The organizing principle: group by manifest, never by data-type. The manifest is already the scoping authority — it declares the ecosystem, hosts cognition, and anchors sessions. "What data syncs, from where, to where, organized how" is one more thing the manifest declares. That keeps the design from sprawling into a repo-per-data-type-per-project explosion: there is one sync surface per manifest, and new data is a declaration, not a new repo.
Layers¶
Three layers, following the ecosystem's public-mechanism / private-binding split.
flowchart TD
M["<b>Manifest</b> — declaration / contract<br/>PlatformManifest (public) · private manifests<br/>declares data classes + per-asset sync mode + folder layout<br/><i>public manifest = structure only, no destinations/secrets</i>"]
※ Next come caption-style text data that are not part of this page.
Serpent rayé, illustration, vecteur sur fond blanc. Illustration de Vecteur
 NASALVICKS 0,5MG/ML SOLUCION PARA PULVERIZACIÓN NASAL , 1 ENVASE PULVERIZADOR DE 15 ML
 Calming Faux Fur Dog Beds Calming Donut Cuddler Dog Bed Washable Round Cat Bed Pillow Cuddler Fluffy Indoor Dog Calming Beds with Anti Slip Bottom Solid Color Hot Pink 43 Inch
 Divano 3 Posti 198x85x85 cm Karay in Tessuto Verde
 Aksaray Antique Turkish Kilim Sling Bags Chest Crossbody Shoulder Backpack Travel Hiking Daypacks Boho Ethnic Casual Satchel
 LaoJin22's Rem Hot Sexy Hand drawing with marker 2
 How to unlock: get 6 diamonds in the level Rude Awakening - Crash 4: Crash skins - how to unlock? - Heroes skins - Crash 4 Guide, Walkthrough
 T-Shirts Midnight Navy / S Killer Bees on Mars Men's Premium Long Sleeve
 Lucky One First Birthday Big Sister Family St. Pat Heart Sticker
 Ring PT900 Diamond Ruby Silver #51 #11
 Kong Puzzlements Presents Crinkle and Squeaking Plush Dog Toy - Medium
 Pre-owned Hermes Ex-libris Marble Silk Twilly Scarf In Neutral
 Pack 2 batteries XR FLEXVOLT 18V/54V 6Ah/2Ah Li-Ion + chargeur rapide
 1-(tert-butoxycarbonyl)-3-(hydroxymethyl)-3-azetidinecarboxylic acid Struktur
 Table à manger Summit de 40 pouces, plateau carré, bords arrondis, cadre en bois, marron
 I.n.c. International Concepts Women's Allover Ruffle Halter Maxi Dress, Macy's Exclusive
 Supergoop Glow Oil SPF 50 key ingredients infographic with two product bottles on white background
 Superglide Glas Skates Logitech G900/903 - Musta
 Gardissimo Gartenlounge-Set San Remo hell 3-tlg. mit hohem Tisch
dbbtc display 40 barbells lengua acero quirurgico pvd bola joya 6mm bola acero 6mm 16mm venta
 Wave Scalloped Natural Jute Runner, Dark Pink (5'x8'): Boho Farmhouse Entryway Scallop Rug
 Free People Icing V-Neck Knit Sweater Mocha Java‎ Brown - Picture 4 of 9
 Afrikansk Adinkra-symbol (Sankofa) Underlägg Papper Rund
SM["<b>Sync Mechanism</b> (public)<br/>Syncthing schema / vocabulary<br/>setup · backup · restore orchestration + shims<br/>reads shape + binding → emits Syncthing config"]
PB["<b>Private binding</b><br/>private fleet layer: device IDs, keys, machine-link setup<br/>private manifests: destination folders, per-machine routing"]
PL["<b>Payload</b> — backup/restore implementations live in <i>each</i> repo<br/>(only a repo knows how to dump/restore its own data)<br/>operational data · per-project cognition / CLI memory"]
M -- shape --> SM
PB -- identity + destinations --> SM
SM -- invokes via shim contract --> PL
Layers and ownership¶
| Layer | Role | Visibility |
|---|---|---|
| Manifests | Declare sync layout (data classes, modes, folder layout) for their scope | Public / Private |
| Sync Mechanism | Syncthing schema/vocabulary; setup/backup/restore orchestration + shim contract | Public, configurable |
| Private fleet layer | Machine identity keys, machine-link setup scripts | Private |
| Each participating repo | Owns its backup/restore implementation behind the shim contract | per-repo |
The private fleet layer (machine identity keys + link-setup scripts) is kept distinct from the SSH key index, which only tracks SSH keys and their lifecycle (in use / rotated / retired).
Sync modes¶
Defined in the public Sync Mechanism repo, chosen per-asset in the manifest:
| Mode | Meaning | Example |
|---|---|---|
copy |
Small things snapshotted into a sync/ directory |
configs, work items, campaigns |
in-repo |
Large things synced in place | large model / media assets |
external |
Cannot live in-repo; synced from an out-of-tree location | large backup archives |
Invariants¶
- The manifest is the only place grouping is defined; new data is a declaration in an existing manifest, never a new data-type repo.
- A public manifest declares structure only — never destinations, device IDs, or secrets. Those inject from the private layer.
- Backup/restore implementations live in their own repo, behind a shim contract owned by the public mechanism.
- Payload location and sync mode are declared per-asset; the mechanism's vocabulary defines the legal modes.
- Coverage is observable — an asset with no declared sync mode is a detectable gap, not a silent omission.